EXERCISE:
Your output must hold every entry exactly as written and none of the pictures.

MATERIAL PROVIDED:
--------------------------------
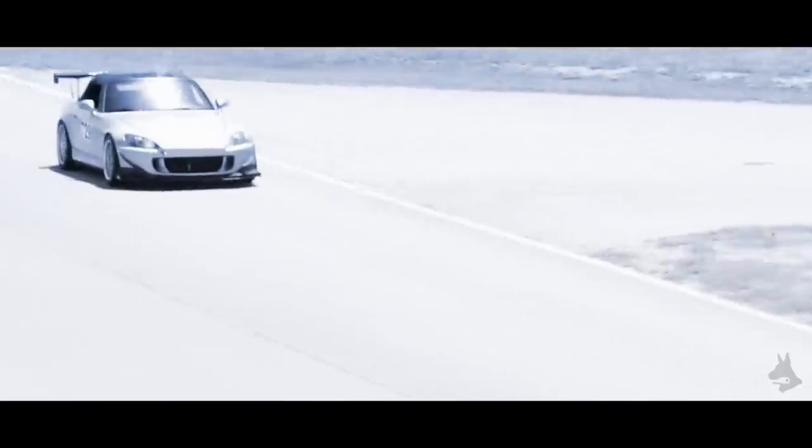So yeah, that's my 2007 Honda S2000. I'd like to see you guys at the next track event.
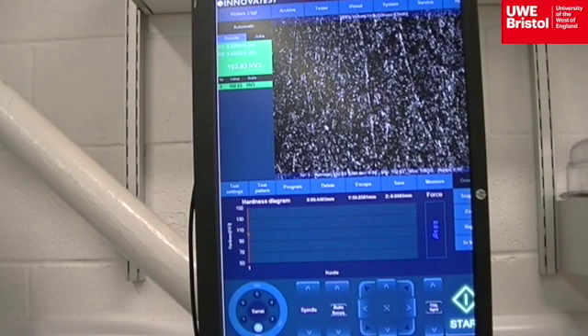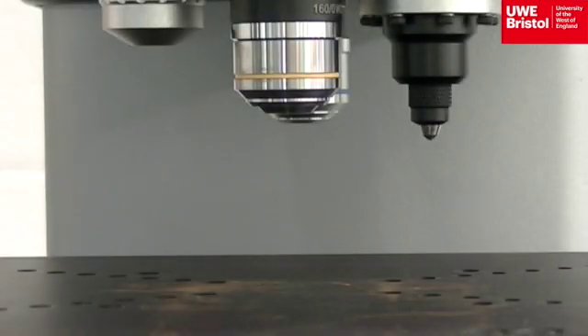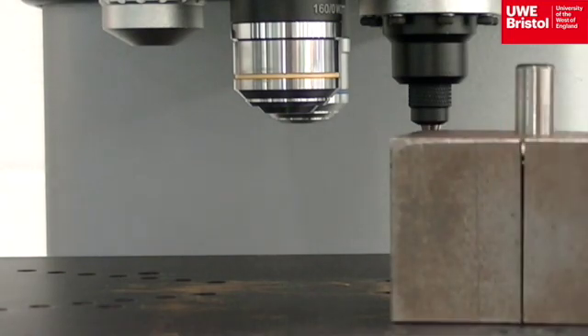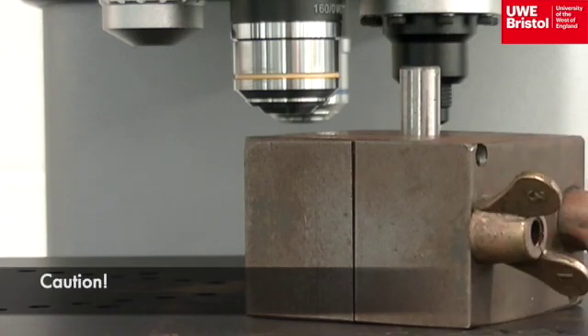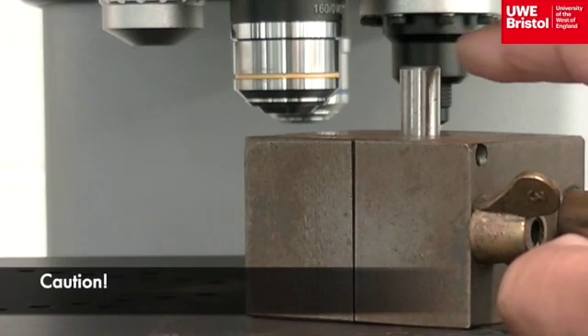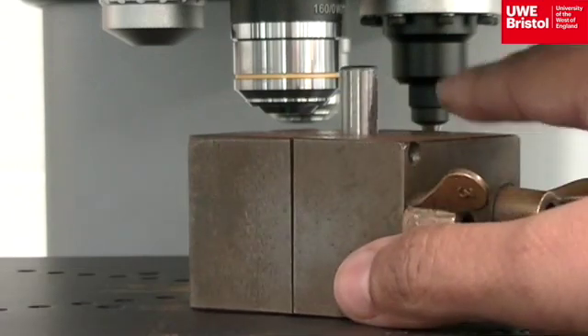Autofocus is required again as very few specimens are entirely flat across their full surface. The height of the platen will need adjustment, especially with significant height differences between specimens and their holders. If the platen is not moved lower down in advance of the test, when the indenter moves into position it would cause damage to the equipment.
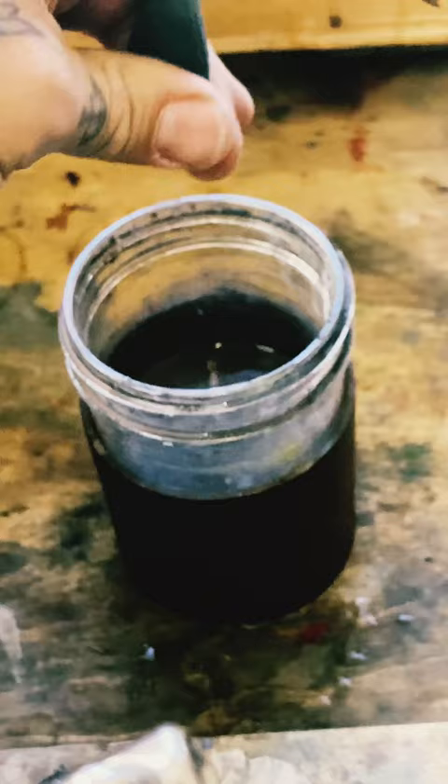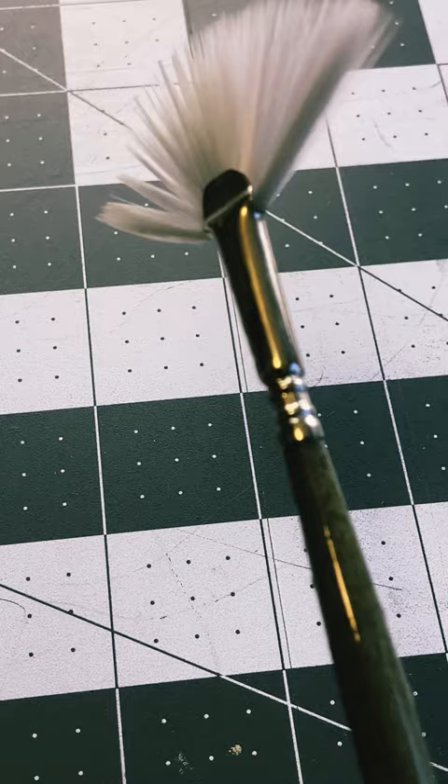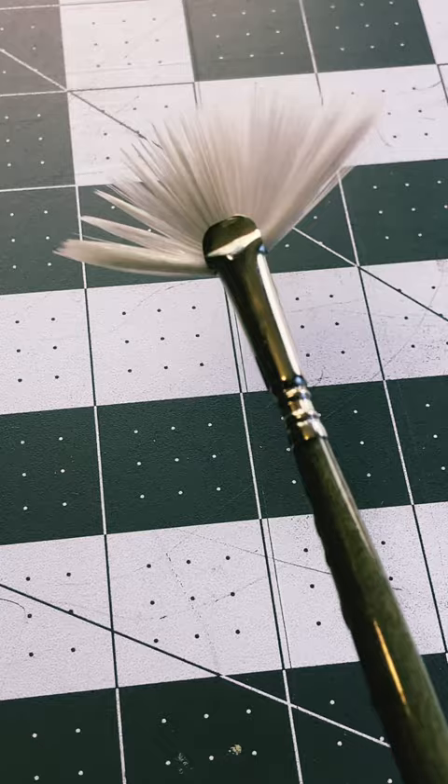These are the two brushes you definitely have to have. Now for specialty brushes — this fan brush by Escoda makes great textures for trees and hard shapes in your foregrounds. These Loose Goose brushes by Cheap Joe's Art Supplies make wonderful masks for your boats. Put in the comments what specialty brushes you have!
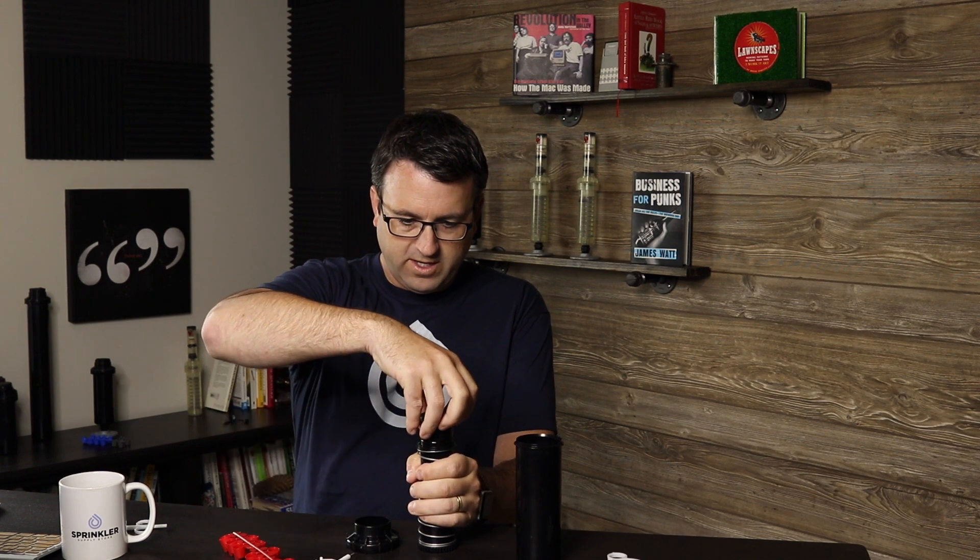You can take off this top ring by wiggling it back and forth. Be careful that the spring doesn't break loose on you. This black part here that is a little bit rubbery — this is the riser seal. So when you purchase a riser seal, this is the part that you get.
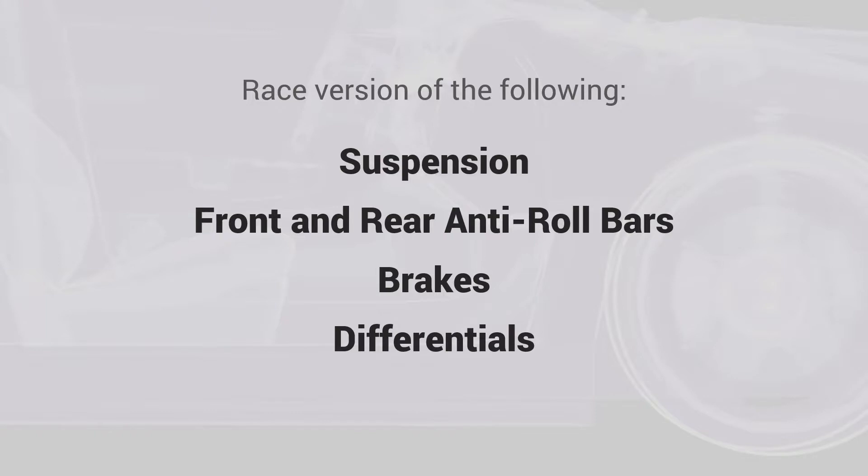The changes we discussed require you to upgrade your vehicle with a few parts. These include the race version of the following upgrades: suspension, front and rear anti-roll bars, brakes, and differentials. Aero upgrades are optional and depend on the track, as discussed in the Aero lecture.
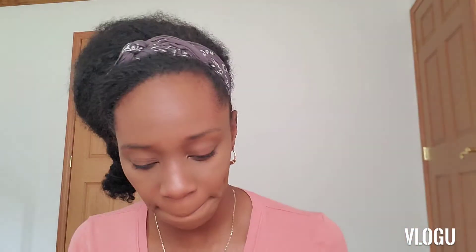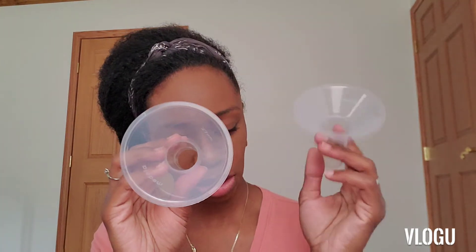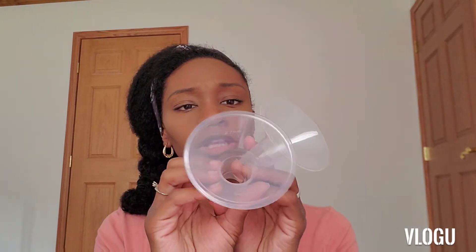The first thing inside is instructions, pamphlets, stuff like that. Next is your pump parts — your cords and pieces to it and everything that you hook to the actual pump. And then you have extra cups that are different sizes than the cups that are in the bag. These are 27 millimeter and the other ones are 24, so these are the bigger size.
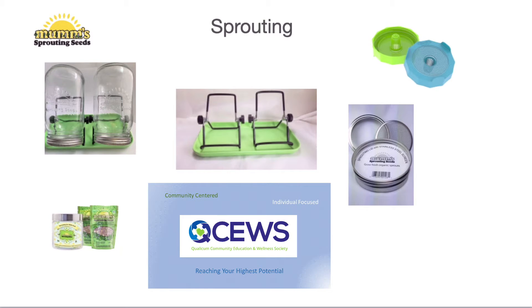Hello and welcome to our short little video on sprouting. This is going to be a quick one because there's really not much to it.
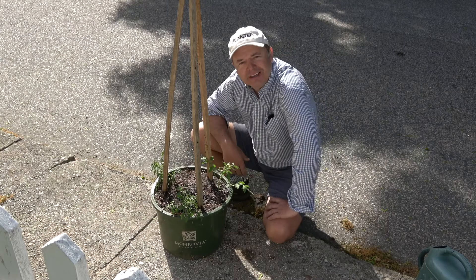Thank you for watching Planted. Tell your friends, tell your family — this is how you grow tomatoes. Happy planting!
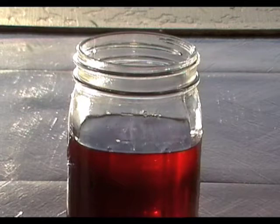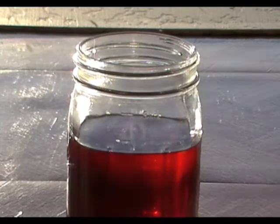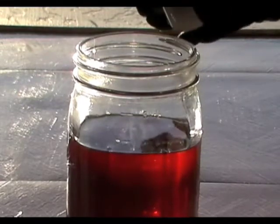This is a mason jar with about 600 milliliters of waste vegetable oil in it, and I'm now going to add about 50 milliliters of acetone to it.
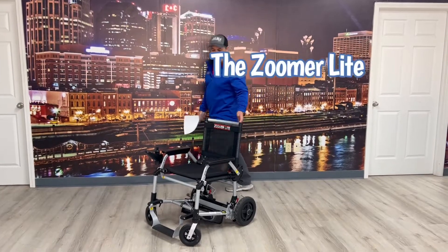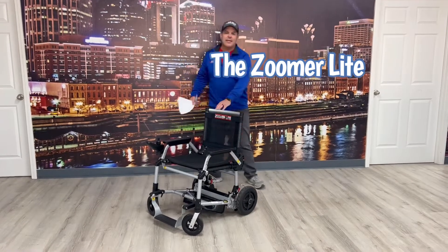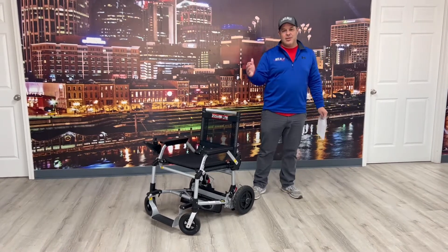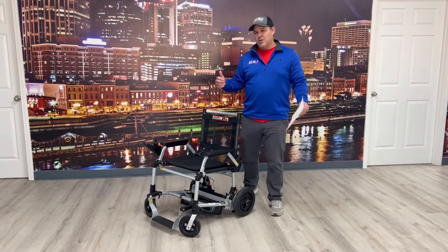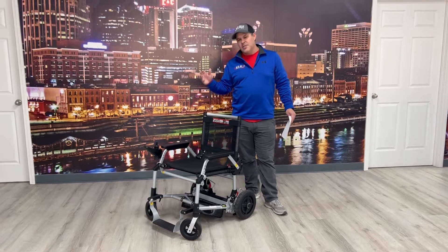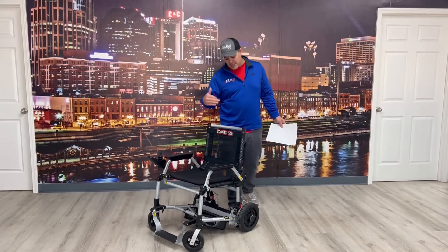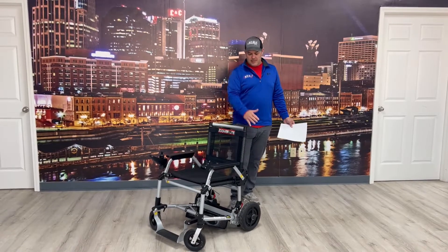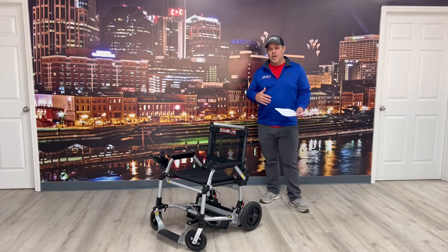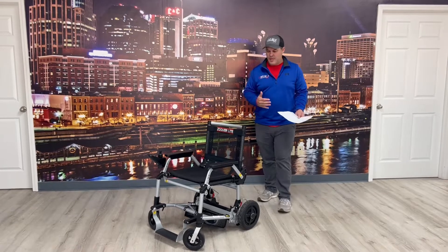Hey, thanks for watching today, we appreciate it. My name is Kevin, I'm with All-Star Medical, and this is the Zoomer Light. If you've seen any videos or ads, you've probably seen something very similar to this. There is the Zinger and the Zoomer. The Zinger you drive like a skid steer and it's been marketed all over the country. The Zoomer folds up just like this unit does, but this one has some special features that make it really special and can make people's lives even easier when it comes to being portable — and that's what this chair is about: portability.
--------------------------------
RESULT FOR THIS TASK:
So yeah, that's my 2007 Honda S2000. I'd like to see you guys at the next track event.
Autofocus is required again as very few specimens are entirely flat across their full surface. The height of the platen will need adjustment, especially with significant height differences between specimens and their holders. If the platen is not moved lower down in advance of the test, when the indenter moves into position it would cause damage to the equipment.
These are the two brushes you definitely have to have. Now for specialty brushes — this fan brush by Escoda makes great textures for trees and hard shapes in your foregrounds. These Loose Goose brushes by Cheap Joe's Art Supplies make wonderful masks for your boats. Put in the comments what specialty brushes you have!
You can take off this top ring by wiggling it back and forth. Be careful that the spring doesn't break loose on you. This black part here that is a little bit rubbery — this is the riser seal. So when you purchase a riser seal, this is the part that you get.
The changes we discussed require you to upgrade your vehicle with a few parts. These include the race version of the following upgrades: suspension, front and rear anti-roll bars, brakes, and differentials. Aero upgrades are optional and depend on the track, as discussed in the Aero lecture.
The first thing inside is instructions, pamphlets, stuff like that. Next is your pump parts — your cords and pieces to it and everything that you hook to the actual pump. And then you have extra cups that are different sizes than the cups that are in the bag. These are 27 millimeter and the other ones are 24, so these are the bigger size.
Hello and welcome to our short little video on sprouting. This is going to be a quick one because there's really not much to it.
Thank you for watching Planted. Tell your friends, tell your family — this is how you grow tomatoes. Happy planting!
This is a mason jar with about 600 milliliters of waste vegetable oil in it, and I'm now going to add about 50 milliliters of acetone to it.
Hey, thanks for watching today, we appreciate it. My name is Kevin, I'm with All-Star Medical, and this is the Zoomer Light. If you've seen any videos or ads, you've probably seen something very similar to this. There is the Zinger and the Zoomer. The Zinger you drive like a skid steer and it's been marketed all over the country. The Zoomer folds up just like this unit does, but this one has some special features that make it really special and can make people's lives even easier when it comes to being portable — and that's what this chair is about: portability.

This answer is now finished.